## SOURCE DATA
___
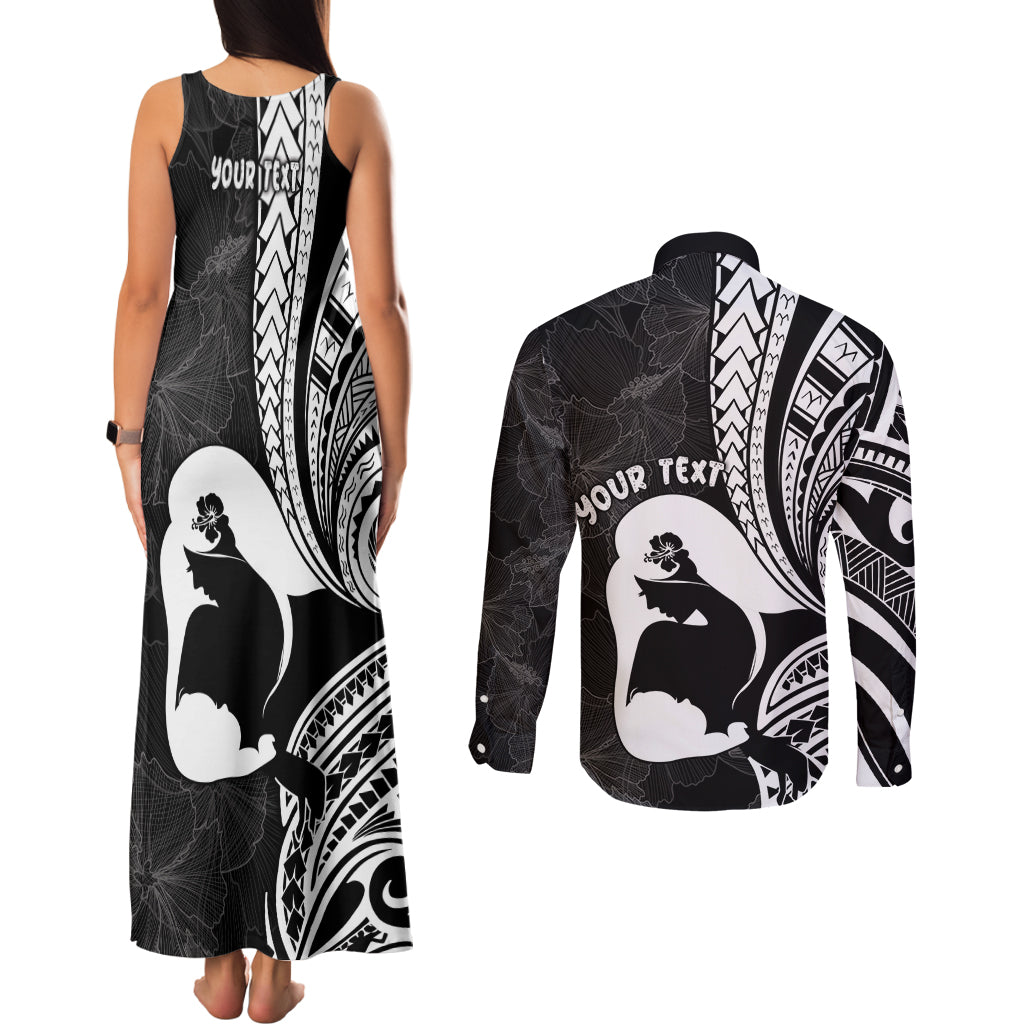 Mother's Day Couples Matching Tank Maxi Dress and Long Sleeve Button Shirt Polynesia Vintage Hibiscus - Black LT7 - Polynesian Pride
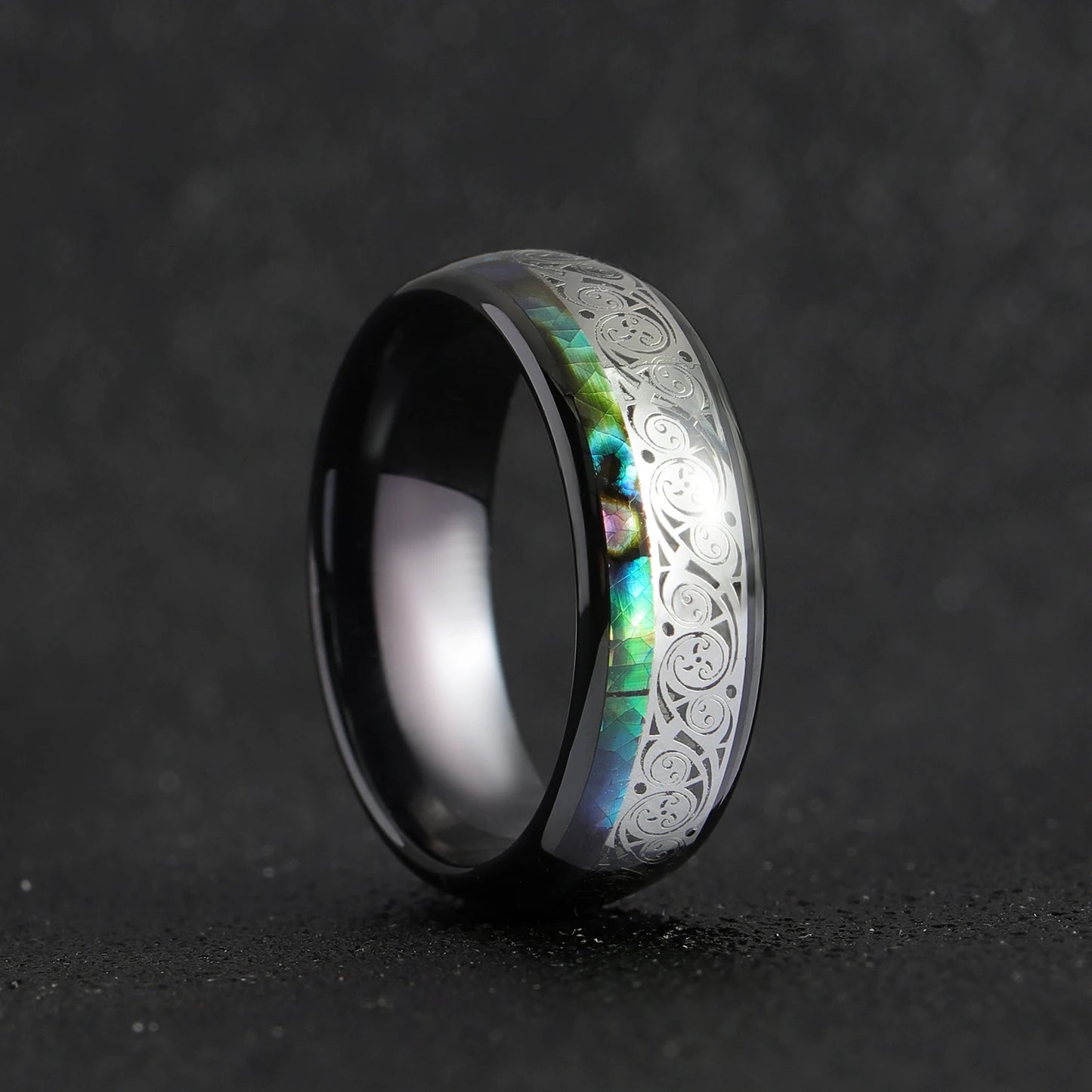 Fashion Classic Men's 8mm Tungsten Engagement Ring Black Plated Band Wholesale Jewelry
___
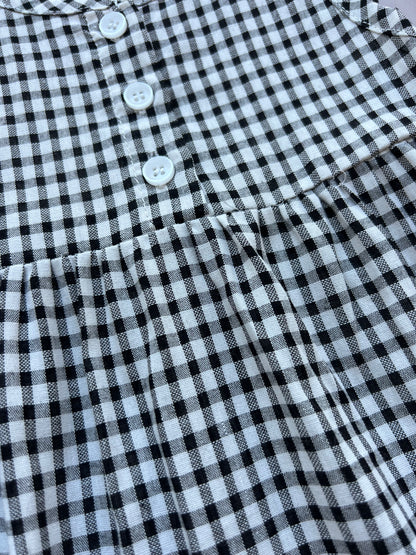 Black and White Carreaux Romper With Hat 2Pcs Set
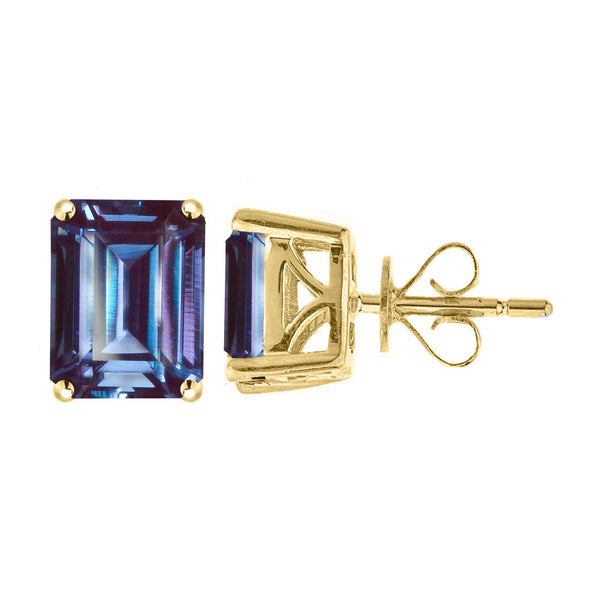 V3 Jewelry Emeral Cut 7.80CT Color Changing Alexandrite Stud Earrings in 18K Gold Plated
___
## WHAT THE TASK REQUIRES
Copy everything above from the line holding "Black and White" down to the line holding "V3 Jewelry Emeral", both ends included, exactly as it stands and without the pictures.

## WRITTEN ANSWER
 Black and White Carreaux Romper With Hat 2Pcs Set
 V3 Jewelry Emeral Cut 7.80CT Color Changing Alexandrite Stud Earrings in 18K Gold Plated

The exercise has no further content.